Il futuro del Trasporto pubblico locale veronese passa da un intreccio di scelte politiche, sostenibilità economica e governance del servizio. Con l’insediamento della nuova Giunta regionale guidata da Alberto Stefani e la nomina di Diego Ruzza ad assessore regionale a Trasporti e Mobilità, il dossier TPL torna centrale, soprattutto in vista del nuovo bando di gara e delle ricadute della legge di Bilancio sui finanziamenti regionali.

Nel quadro che si va delineando, prende sempre più corpo l’ipotesi – politicamente e tecnicamente privilegiata – del lotto unico per l’affidamento del servizio urbano ed extraurbano. Una scelta che trova convergenze a più livelli istituzionali e che appare quasi obbligata alla luce delle fragilità strutturali di alcune aree del territorio, in particolare la Bassa veronese e i territori montani della Lessinia, che difficilmente riuscirebbero a reggere un affidamento autonomo senza un meccanismo di compensazione.

Il ruolo della Regione e i vincoli di bilancio

Ruzza, pur non intervenendo nella gestione quotidiana del servizio, esercita un’influenza decisiva sulla programmazione regionale del TPL, sulla ripartizione delle risorse e sulla definizione dei bacini. La legge di Bilancio, con risorse complessivamente più contenute e una crescente rigidità della spesa corrente, impone scelte che privilegino l’efficienza e la tenuta complessiva del sistema.

In questo contesto, il lotto unico viene letto come lo strumento più adatto a garantire equilibrio economico, continuità del servizio e uniformità degli standard, evitando che le aree a minore densità di domanda, come la Bassa e Lessinia, restino penalizzate o diventino insostenibili per un gestore chiamato a operare su un bacino ristretto.

Il dialogo con il Comune e l’asse con Ferrari

Sul piano locale, Ruzza dovrà necessariamente confrontarsi con Tommaso Ferrari, assessore alla Mobilità e al Traffico della Giunta Tommasi.
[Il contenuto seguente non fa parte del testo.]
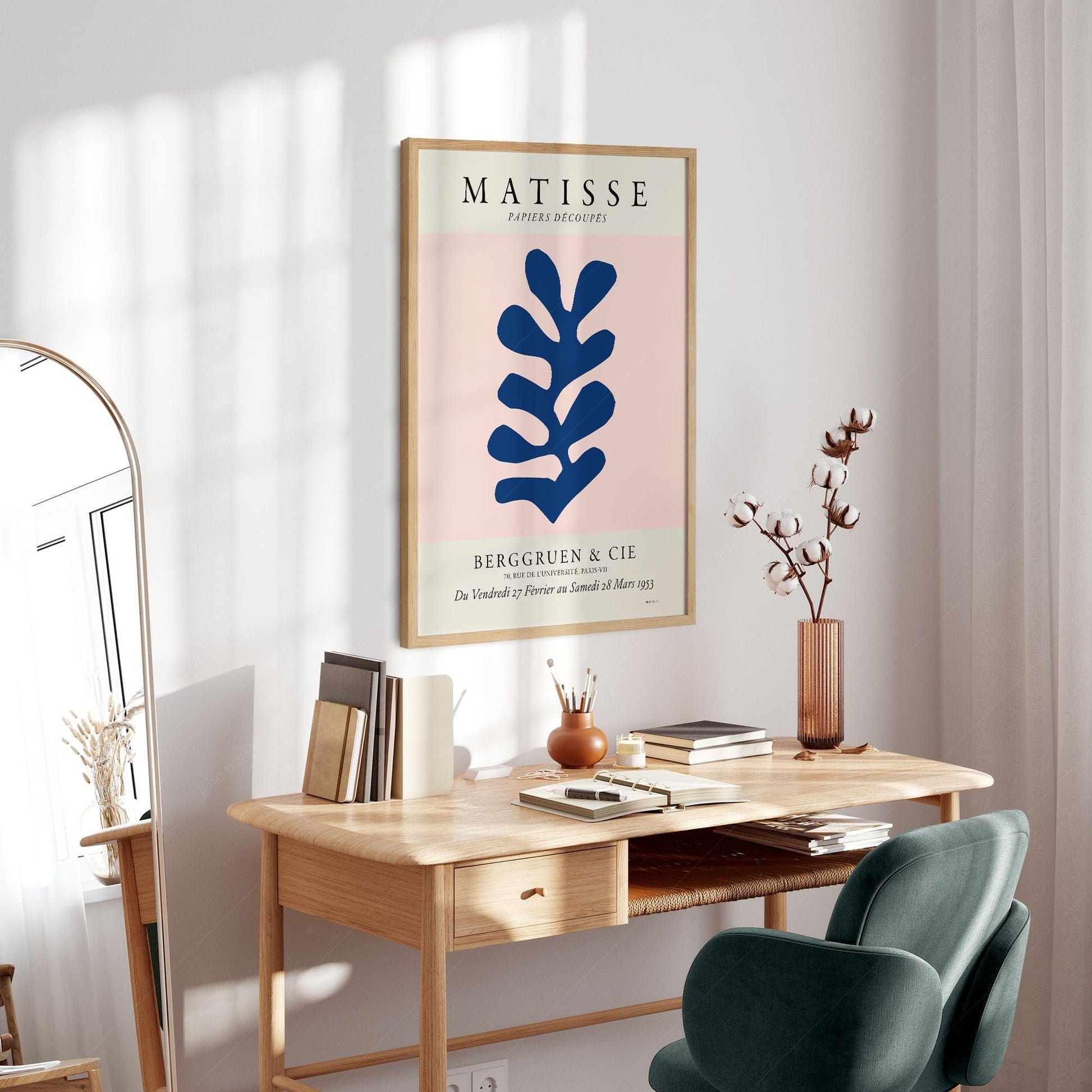 Home Poster Decor Art Print Henri Matisse Coral artwork Exhibition poster Pink and navy blue wall art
Comune e Regione sono chiamati a un dialogo costante per allineare programmazione, frequenze, orari e integrazione tariffaria, soprattutto in una fase delicata come quella che precede il bando.

La sinergia tra i due livelli istituzionali sarà determinante per evitare fratture tra urbano ed extraurbano e per garantire un servizio coerente con i flussi reali di pendolarismo, studenti e lavoratori.

ATV e il punto di vista del gestore

Nel confronto entra a pieno titolo anche Giuseppe Mazza, presidente di ATV, l’azienda che oggi gestisce il TPL veronese. Dal punto di vista del gestore, la conferma del lotto unico rappresenta una garanzia di stabilità industriale, oltre che uno strumento capace di sostenere economicamente le tratte meno redditizie attraverso la compensazione con le linee a maggiore domanda.

Un sistema frammentato, al contrario, rischierebbe di accentuare squilibri già evidenti, mettendo in difficoltà i collegamenti della provincia e riducendo la qualità complessiva del servizio.

Una scelta di sistema

La partita del TPL veronese si gioca dunque su più tavoli: risorse regionali condizionate dalla legge di Bilancio, governance del servizio, equità territoriale e sostenibilità economica. In questo scenario, la scelta del lotto unico non appare solo una soluzione tecnica, ma una decisione politica di sistema, pensata per tenere insieme città e provincia e garantire un servizio pubblico realmente universale.

Ruzza, Ferrari e Mazza sono chiamati a un lavoro di sintesi che superi le logiche di compartimento, consapevoli che senza un impianto unitario il TPL veronese, soprattutto nella sua parte più fragile, rischierebbe di non reggere alla prova dei prossimi anni.